TODAY, you’ll meet Greg, who speaks for himself about his new book, “The Other Jesus: Rejecting a Religion of Fear for the God of Love,” which is available through Amazon at a discount.


DAVID: The message of your new book, “The Other Jesus,” reminds me of Marcus Borg’s new study guide for small groups, “Embracing an Adult Faith.” You and Marcus both are doing something pretty simple—yet very powerful—in these new books. You’re inviting people to discover the gifts of Christianity. For some, that’s a re-discovery and for some it’s a first-time experience. I’d describe both books as: Christianity 101.

GREG: Yes, Marcus is one of the models I had in mind as I wrote this. Another is Brian McLaren. Way back when Brian was working on his first book for Jossey-Bass, I was asked to read the manuscript and comment on it. That’s something I do professionally, since I teach writing, and I was willing to take that assignment professionally—you know, for a paycheck. But a funny thing happened as I began reading Brian’s manuscript; I started thinking: This stuff about “A New Kind of Christian” is cool! If Christianity actually is like this, then maybe I could be some kind of Christian, too. That really was an important moment for me and I continue to draw from Brian’s work.
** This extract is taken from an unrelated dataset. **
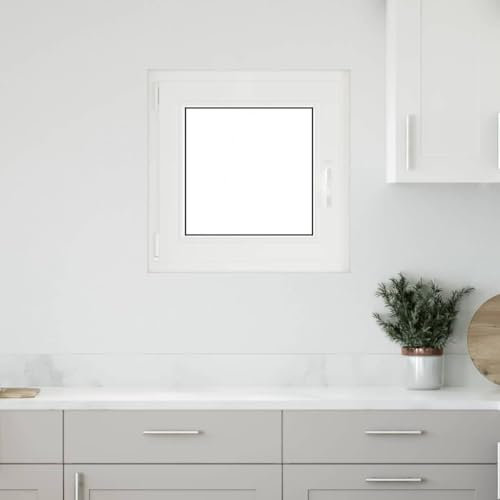 vidaXL Ventana de sótano RISOR 60x60 cm oscilobatiente DIN izquierda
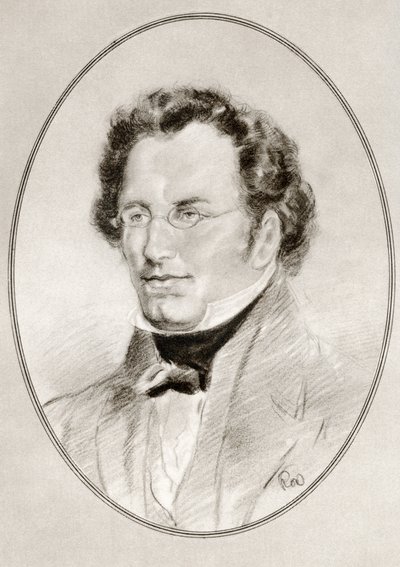 Franz Peter Schubert, fra Living Biography of Great Composers av Gordon Ross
DAVID: Millions of Christians have been inspired by Brian. What fascinates me about him is this: As much as people think of Brian as a reformer, he’s actually more of a restorer. Brian argues that he’s a defender of orthodox Christianity. I’ve interviewed Brian a number of times over the years, including just last year about his “New Kind of Christianity,” which was published by HarperOne. It’s Christianity 101, again.

GREG: A lot of people—like I was when I first read that manuscript years ago—need to discover that the riches of the long Christian tradition are just waiting for us. Ever since the Reformation and the birth of the Protestant movement 500 years ago, some Christians have tried to throw away some of those treasures—but they are still there in our tradition. We’re all saying: You can be a passionate and faithful Christian, you can experience that richness today—and you don’t have to buy into forms of soul-killing religion that we hear some preachers proclaiming today.
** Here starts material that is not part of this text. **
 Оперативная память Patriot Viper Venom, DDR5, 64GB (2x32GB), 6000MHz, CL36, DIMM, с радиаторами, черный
DAVID: It sounds like there’s a big problem with stereotypes in what people think Christianity requires of us. Marcus argues that the problem runs as deep as the language we use. He’s working on an upcoming book all about rethinking the language of Christianity. As an English professor, do you agree?

GREG: Yes, there’s confusion. Someone asked me last week if, from an evangelical standpoint, my book is describing what evangelicals would call “the Christian walk.” I realized we had some common touchstones, so we talked about that phrase. I said: “If what you mean is that we’re called to take up our crosses and live lives that illuminate what God is, then yes I agree with that phrase.” But, I said: “If you mean that I’m preaching the limited idea of piety and church attendance, and that I’m saying our primary purpose is to encourage others to attend church, then: No, that’s not my purpose.”

DAVID: That’s an excellent example of how one loaded phrase carries more than one meaning.

GREG: Early in my own life, I experienced a kind of conservative Christianity that claimed it was life giving, but in fact was the opposite. It was soul killing. I wanted nothing to do with Christianity for quite a few years. But, I know now that Christianity can be about abundant life. In my own experience, a faith community actually rescued me at a point in my life when I was suffering from serious chronic depression. In that community, I experienced that abundant life Jesus talks about in the gospels. I began to see that Jesus’ message is about living with love, courage and compassion in a world that often encourages us to indulge our most disordered desires.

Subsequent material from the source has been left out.